RECORDS –
■ ■ ■ ■ ■

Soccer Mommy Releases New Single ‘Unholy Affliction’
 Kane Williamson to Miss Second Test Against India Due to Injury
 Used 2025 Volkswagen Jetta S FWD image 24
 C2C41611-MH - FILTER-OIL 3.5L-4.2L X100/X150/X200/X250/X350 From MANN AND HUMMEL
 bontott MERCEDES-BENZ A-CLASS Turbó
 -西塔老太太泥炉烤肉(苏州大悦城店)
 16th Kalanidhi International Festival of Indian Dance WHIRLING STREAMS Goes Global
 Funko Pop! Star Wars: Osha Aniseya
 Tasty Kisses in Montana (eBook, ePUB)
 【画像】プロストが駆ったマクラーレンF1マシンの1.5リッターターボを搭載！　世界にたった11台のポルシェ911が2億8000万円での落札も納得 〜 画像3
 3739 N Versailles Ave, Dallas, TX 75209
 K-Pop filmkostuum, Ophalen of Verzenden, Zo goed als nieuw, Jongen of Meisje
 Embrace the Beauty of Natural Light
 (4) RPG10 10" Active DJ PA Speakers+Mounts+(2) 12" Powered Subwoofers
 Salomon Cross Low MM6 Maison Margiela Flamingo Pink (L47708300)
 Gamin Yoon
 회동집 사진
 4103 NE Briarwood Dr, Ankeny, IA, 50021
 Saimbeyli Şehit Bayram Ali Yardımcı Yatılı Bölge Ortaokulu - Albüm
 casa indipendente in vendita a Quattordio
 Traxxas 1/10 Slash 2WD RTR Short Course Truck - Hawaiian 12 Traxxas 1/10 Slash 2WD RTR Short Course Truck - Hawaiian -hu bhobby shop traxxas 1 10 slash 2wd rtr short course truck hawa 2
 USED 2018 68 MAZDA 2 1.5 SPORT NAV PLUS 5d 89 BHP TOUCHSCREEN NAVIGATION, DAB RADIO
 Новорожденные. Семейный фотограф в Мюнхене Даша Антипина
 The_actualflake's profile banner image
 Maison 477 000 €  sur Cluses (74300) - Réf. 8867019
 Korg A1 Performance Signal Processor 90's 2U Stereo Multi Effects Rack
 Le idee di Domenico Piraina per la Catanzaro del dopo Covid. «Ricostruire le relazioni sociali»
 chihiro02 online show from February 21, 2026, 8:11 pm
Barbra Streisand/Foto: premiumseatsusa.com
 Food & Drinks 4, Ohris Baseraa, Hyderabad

■ ■ ■ ■ ■

EXERCISE DESCRIPTION – Search the listing above for the lines with "C2C41611-MH - FILTER-OIL" and "K-Pop filmkostuum, Ophalen", then output those lines and all lines between them exactly.

EXERCISE OUTPUT –
 C2C41611-MH - FILTER-OIL 3.5L-4.2L X100/X150/X200/X250/X350 From MANN AND HUMMEL
 bontott MERCEDES-BENZ A-CLASS Turbó
 -西塔老太太泥炉烤肉(苏州大悦城店)
 16th Kalanidhi International Festival of Indian Dance WHIRLING STREAMS Goes Global
 Funko Pop! Star Wars: Osha Aniseya
 Tasty Kisses in Montana (eBook, ePUB)
 【画像】プロストが駆ったマクラーレンF1マシンの1.5リッターターボを搭載！　世界にたった11台のポルシェ911が2億8000万円での落札も納得 〜 画像3
 3739 N Versailles Ave, Dallas, TX 75209
 K-Pop filmkostuum, Ophalen of Verzenden, Zo goed als nieuw, Jongen of Meisje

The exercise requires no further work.